## Task requirements
Could you copy out every line of the data where the word "Foto" occurs?

## Available data

==*==

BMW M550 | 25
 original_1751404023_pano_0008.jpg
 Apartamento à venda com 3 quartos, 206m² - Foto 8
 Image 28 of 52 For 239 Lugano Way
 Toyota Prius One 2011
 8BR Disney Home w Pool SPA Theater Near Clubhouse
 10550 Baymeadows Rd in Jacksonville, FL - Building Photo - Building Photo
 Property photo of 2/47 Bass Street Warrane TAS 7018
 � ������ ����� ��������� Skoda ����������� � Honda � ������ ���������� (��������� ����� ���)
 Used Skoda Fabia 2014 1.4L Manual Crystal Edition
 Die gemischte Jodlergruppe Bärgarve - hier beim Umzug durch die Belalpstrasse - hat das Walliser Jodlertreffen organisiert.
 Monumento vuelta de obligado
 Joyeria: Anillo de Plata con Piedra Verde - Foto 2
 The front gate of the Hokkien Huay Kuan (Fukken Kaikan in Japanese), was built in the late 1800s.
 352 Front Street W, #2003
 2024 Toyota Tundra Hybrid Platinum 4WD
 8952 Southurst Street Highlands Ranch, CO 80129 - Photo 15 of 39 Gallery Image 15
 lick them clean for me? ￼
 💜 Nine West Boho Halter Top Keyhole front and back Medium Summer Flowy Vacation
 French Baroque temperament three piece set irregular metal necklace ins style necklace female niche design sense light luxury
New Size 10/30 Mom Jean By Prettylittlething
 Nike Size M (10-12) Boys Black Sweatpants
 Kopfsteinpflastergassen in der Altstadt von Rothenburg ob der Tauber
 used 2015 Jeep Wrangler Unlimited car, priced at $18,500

==*==

## Expected answer
 Apartamento à venda com 3 quartos, 206m² - Foto 8
 Joyeria: Anillo de Plata con Piedra Verde - Foto 2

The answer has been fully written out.